Search code examples
pythonmultithreadingalgorithmqueuerace-condition

Race Condition with Thread in Python


I back up files with the backupFile function, I add the backed up files to the hashList by hashing them, and when backing up other files, I check whether they have been backed up before by looking at the hashList. I can backup multiple files at the same time using thread and queue, but I get a race condition error because more than one thread is processing on the same hashList. I used a lock to solve this, but using lock = threading.Lock() prevents parallelism. While a thread is running, other threads are waiting. which makes my purpose of using threads meaningless. Because my purpose of using threads was to save time.

I want to both use the thread and check if the file has been backed up before.
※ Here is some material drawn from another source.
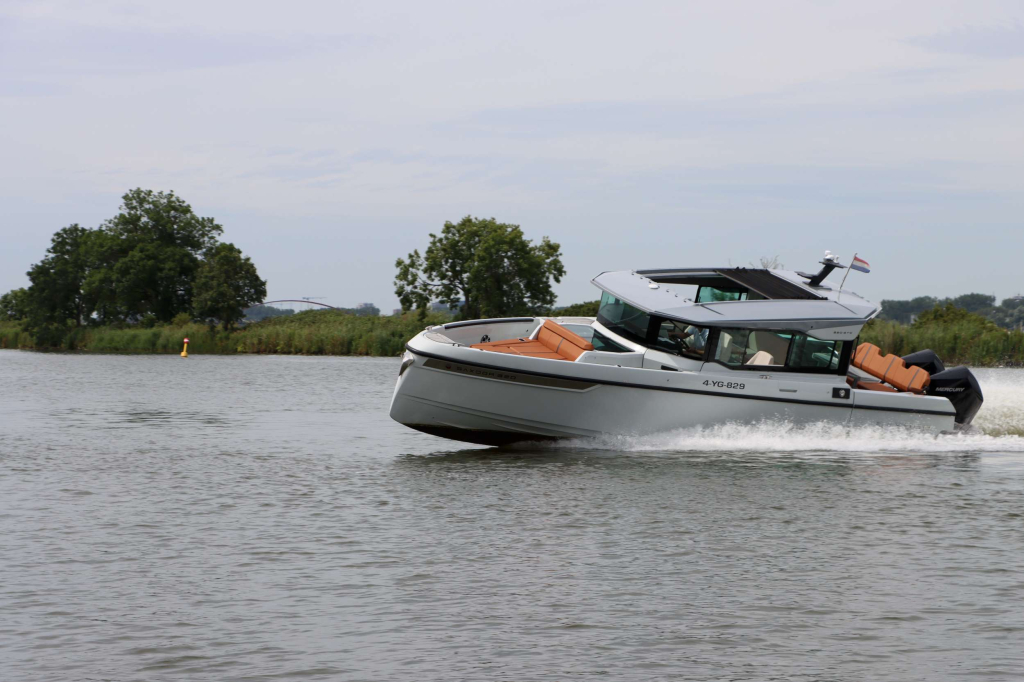 Saxdor Yachts 320 GTC — foto 12 van 39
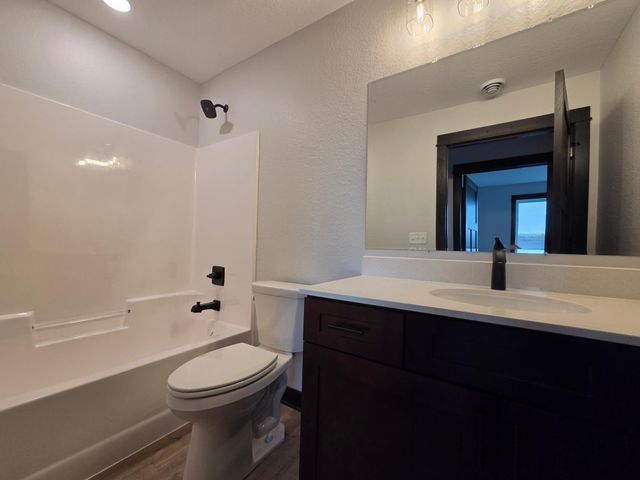 1110 Cullen Street, Saint Peter, MN 56082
I may be asking a lot but I need your ideas, thanks

my code;

import threading, hashlib, queue, os


def hashFile(fileName):
    with open(fileName, "rb") as f:
        sha256 = hashlib.sha256()
        while chunk := f.read(4096):
            sha256.update(chunk)
        return sha256.hexdigest()


def backupFile(q):
    while not q.empty():
        fileName = q.get()

        with lock:
            if hashFile(filesToBackupPath+fileName) in hashList:
                print(f"\033[33m{fileName} daha once yedeklenmis\033[0m")
            else:
                print(f"\033[32m{fileName} yedeklendi\033[0m")
                hashList.append(hashFile(filesToBackupPath+fileName))

        q.task_done()


filesToBackupPath = "yedeklenecekDosyalar/"
fileList = os.listdir(filesToBackupPath)
hashList = []

q = queue.Queue()

for file in fileList:
    q.put(file)

lock = threading.Lock()

for i in range(20):
    t = threading.Thread(target=backupFile, args=(q,))
    t.start()

q.join()

print('\n',len(hashList))

Solution

  • There is no reason for you to be locking the call to hashfile.
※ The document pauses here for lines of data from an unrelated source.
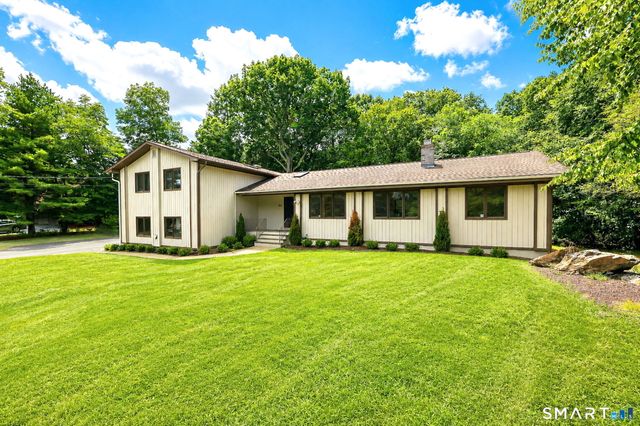 634 Aspen Lane, Orange, CT 06477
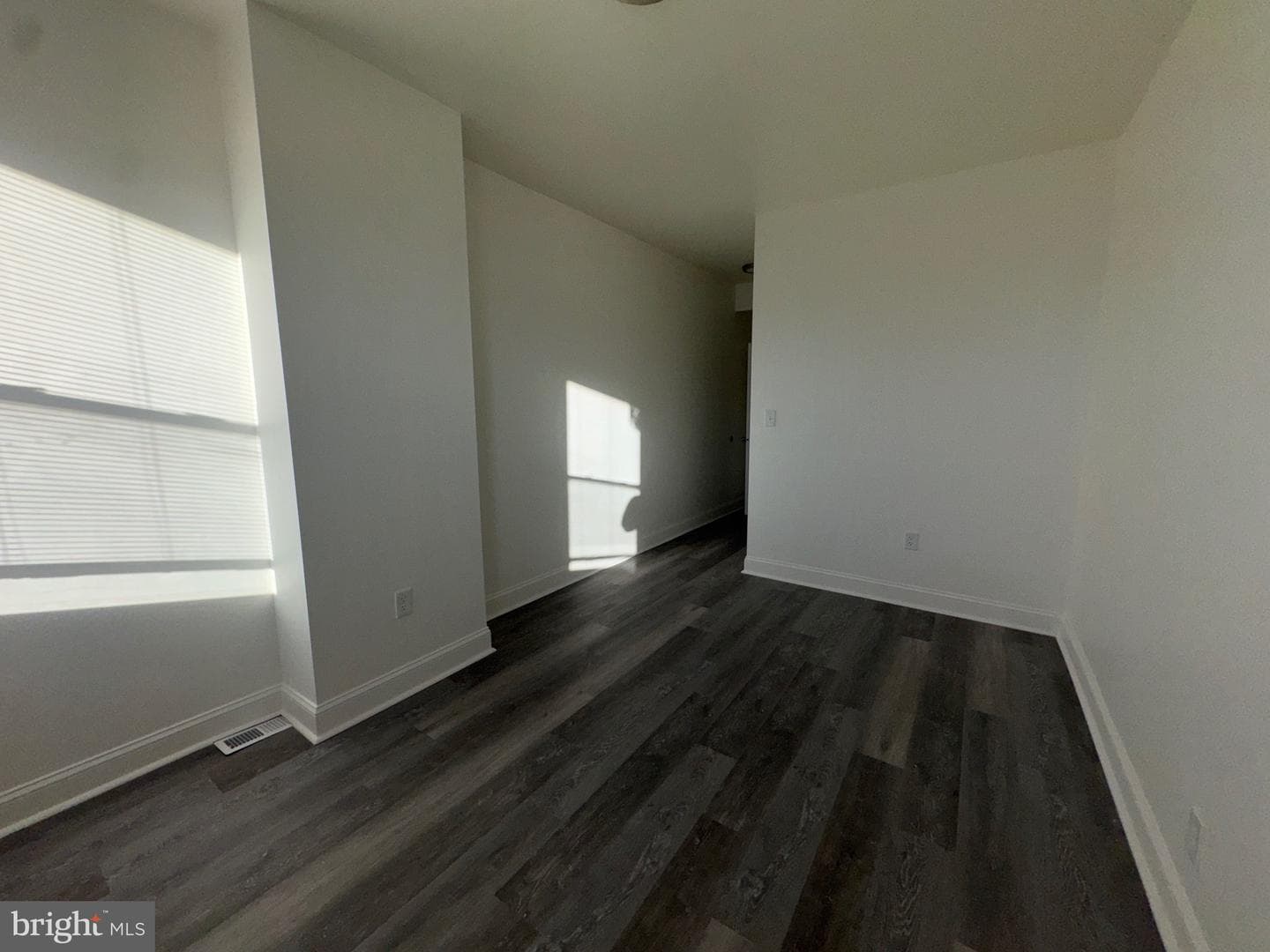 1517 N Fulton Avenue photo 11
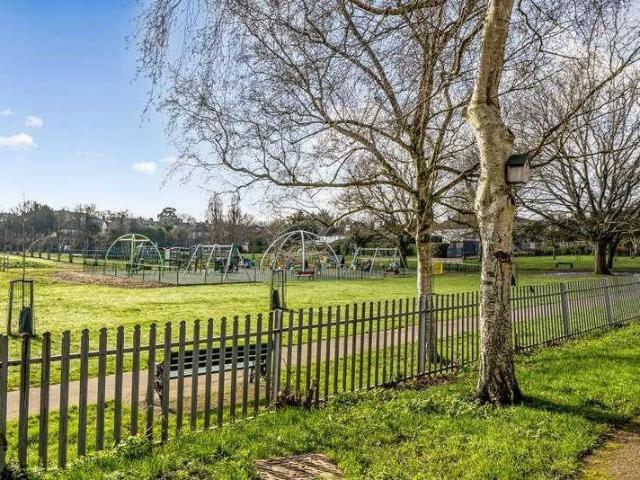 3 bed flat for sale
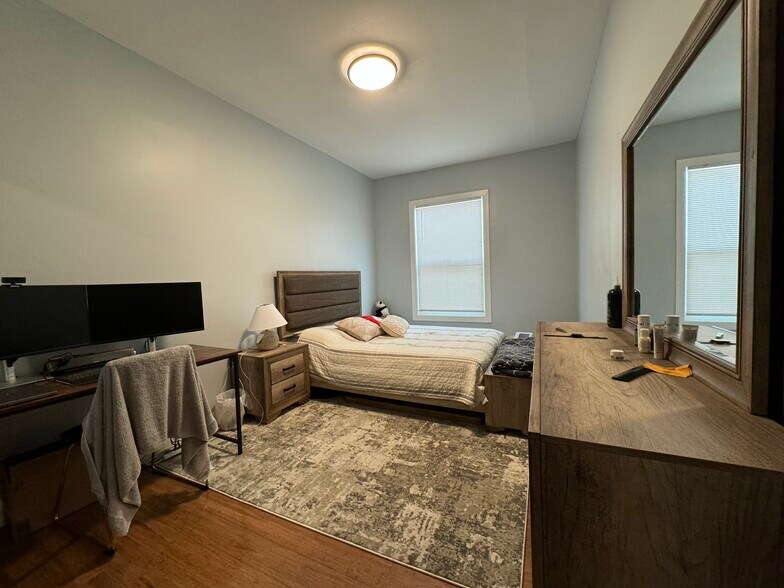 Building Photo - 26 San Carlos St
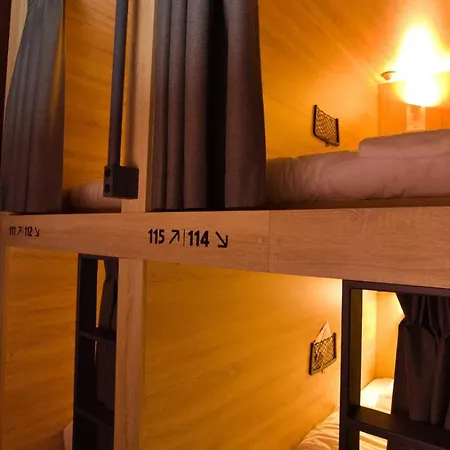 Kapselhotel De Lola Podshotel Den Haag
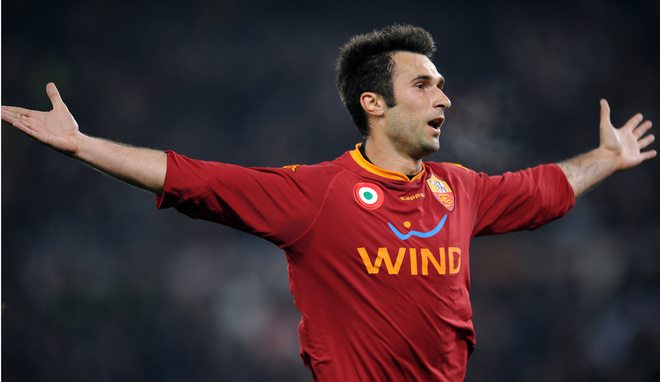 Vucinic odrzuca oferty Arsenalu i Valencii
    hash = hashFile(filesToBackupPath+fileName)
    
    with lock:
        if hash in hashList:
             alreadyBackedUp = True
        else:
             alreadyBackedUp = False
             hashList.append(hash)
    
    Everything else outside the lock.
    

    The only place you need to lock in when accessing hashList.
    Why are you using a list rather than set?